*What this task involves*.
A partial copy is required: transcribe exactly the lines from the one containing "2024 Chevrolet Express 2500" through the last line below, without any pictures.
Segment Start: Data shown
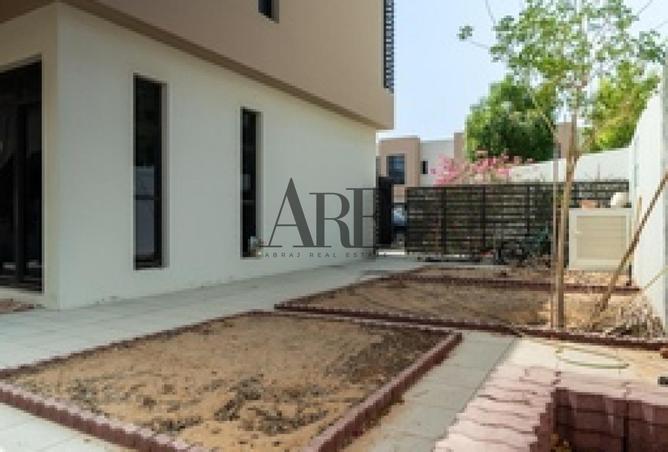 Furnished Prime Villa| Top Gated | Resale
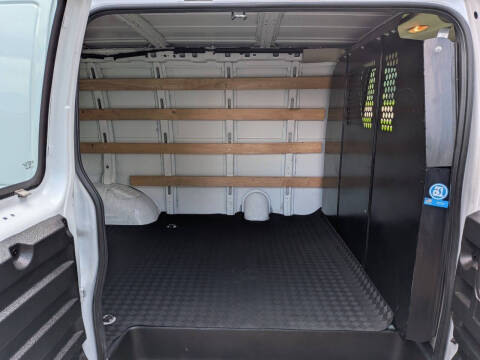 2024 Chevrolet Express 2500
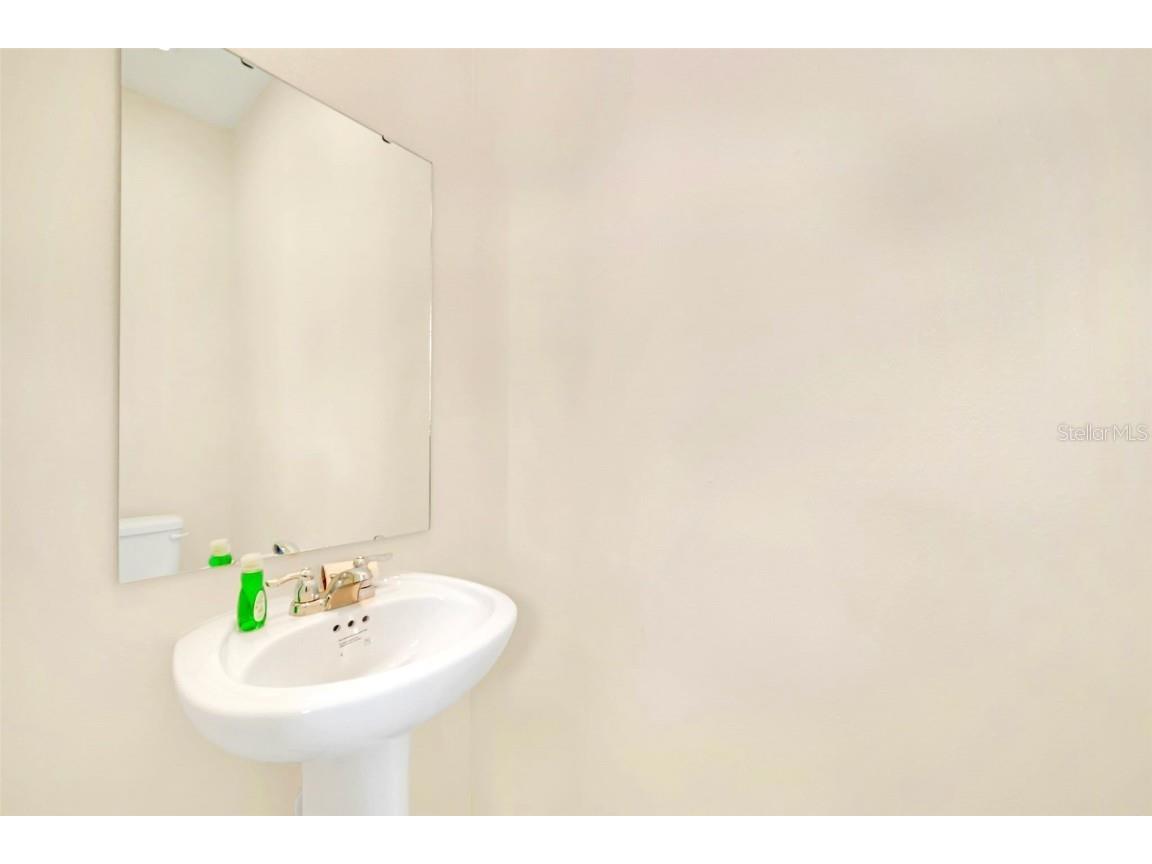 1959 Tropical Palms Circle Kissimmee FL 34747 TB8423435 image18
Segment End: Data shown
*Solution*.
 2024 Chevrolet Express 2500
 1959 Tropical Palms Circle Kissimmee FL 34747 TB8423435 image18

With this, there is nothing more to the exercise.